MySQL SELECT with GROUP BY one field and ORDER BY a different field

Question

EDIT 3 - MySQL version is 8.0.33.

EDIT 2 - See final working code at the bottom. Thanks @Akina !

I have a table of scores for a sporting event. The table has three relevant fields that I want to select -

scoreID as a primary key value
classifierID that maps to the primary key of another table which has details about particular course layouts
calculatedPercent that is the outcome of a particular event

The table also has three other fields that I use in a WHERE clause but those are incidental.

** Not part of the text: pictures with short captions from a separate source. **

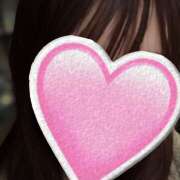 ヒメ日記 2024/12/16 04:04 投稿 こあ ばつぐん素人プロダクション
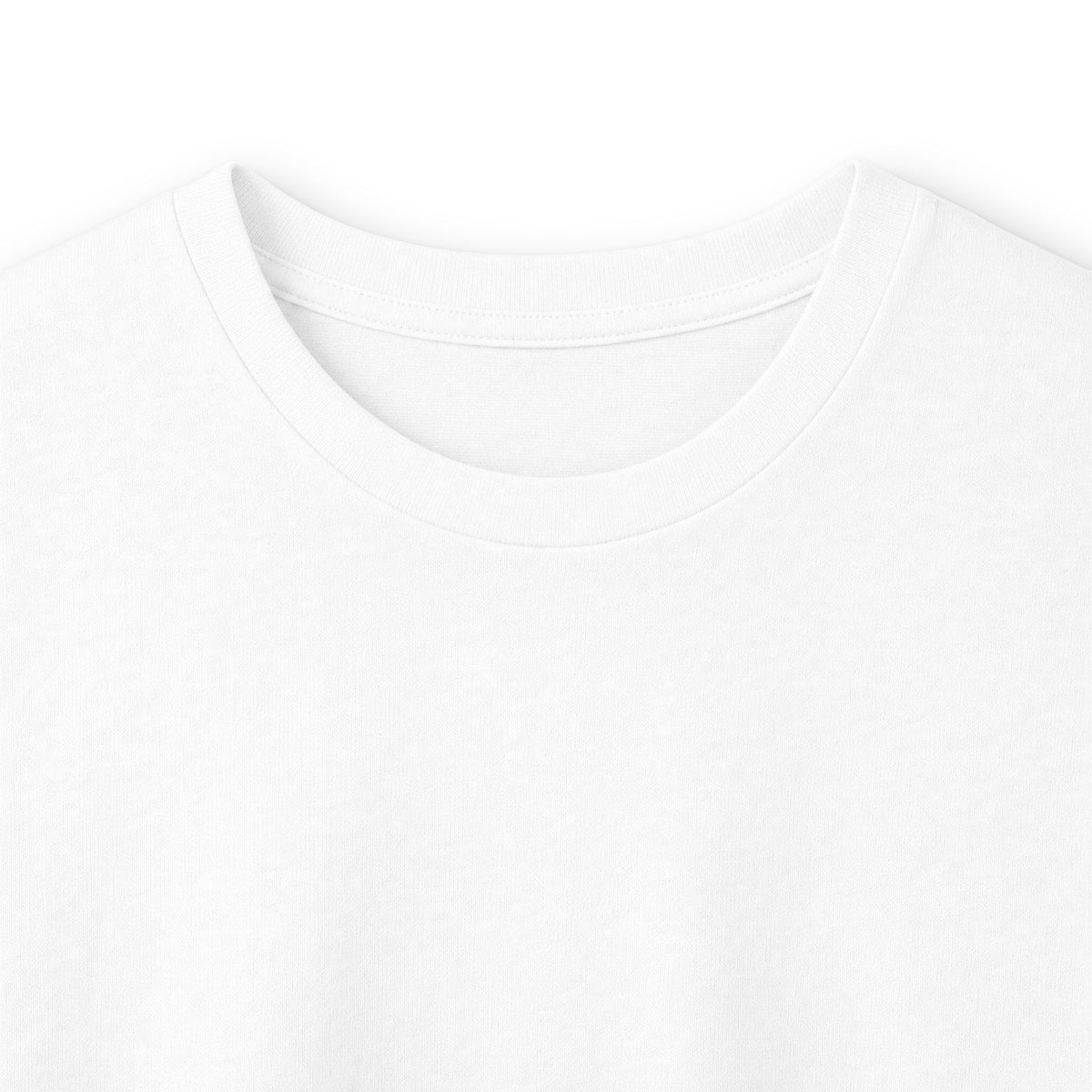 Gotham Signal - Unisex Ultra Cotton Long Sleeve Tee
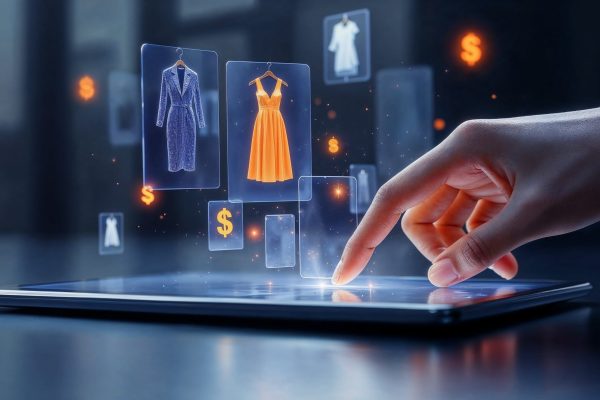 online-shopping-concept-min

I need to generate a query that selects the four best values for calculatedPercent with the stipulation that no classifierID can be duplicated. I need to be able to capture the scoreID for use in a later stage of the process.

Here was my first query:

SELECT `masterScores`.`scoreID`, `masterScores`.`classifierID`, `masterScores`.`calculatedPercent` 
FROM `masterScores` 
WHERE `masterScores`.`memberID` = 3516 AND `masterScores`.`eventDivision` = "O" AND `masterScores`.`scoreUnusable` != "TRUE" 
ORDER BY `masterScores`.`calculatedPercent` DESC LIMIT 4

Initially I thought that this was great as it did select the scoreID value for the rows that had the highest calculatedPercent values for a given member. Then I noticed that several members had their first and second highest scores on the same course, which violates the requirement that classifierID values not be duplicated.

I played around with SELECT DISTINCT for a bit but eventually realized that what I really needed was GROUP BY so I did some research and found Error related to only_full_group_by when executing a query in MySql but that didn't completely solve my issue.

I next tried:

SELECT `masterScores`.`scoreID`, `masterScores`.`classifierID`, MAX(`masterScores`.`calculatedPercent`) AS bestPercent 
FROM `masterScores` 
WHERE `masterScores`.`memberID` = 3516 AND `masterScores`.`eventDivision` = "O" AND `masterScores`.`scoreUnusable` != "TRUE" 
GROUP BY `masterScores`.`classifierID` 
ORDER BY bestPercent DESC LIMIT 4

This me the following error message:

#1055 - Expression #1 of ORDER BY clause is not in GROUP BY clause and contains nonaggregated column '.masterScores.calculatedPercent' which is not functionally dependent on columns in GROUP BY clause; this is incompatible with sql_mode=only_full_group_by

I considered using MIN and MAX for the masterScores.scoreID column but it wasn't matching expectations; the scoreID primary key value wasn't always the one for the selected calculatedPercent. I read somewhere that, because scoreID is a primary key, I could fix this by using the ANY_VALUE aggregate. I tried this:

SELECT ANY_VALUE(`masterScores`.`scoreID`), `masterScores`.`classifierID`, MAX(`masterScores`.`calculatedPercent`) AS bestPercent 
FROM `masterScores` 
WHERE `masterScores`.`memberID` = 3516 AND `masterScores`.`eventDivision` = "O" AND `masterScores`.`scoreUnusable` != "TRUE" 
GROUP BY `masterScores`.`classifierID` 
ORDER BY bestPercent DESC LIMIT 4

At first glance, this did seem to be working but it wasn't consistently returning scoreID values that matched the bestPercent values.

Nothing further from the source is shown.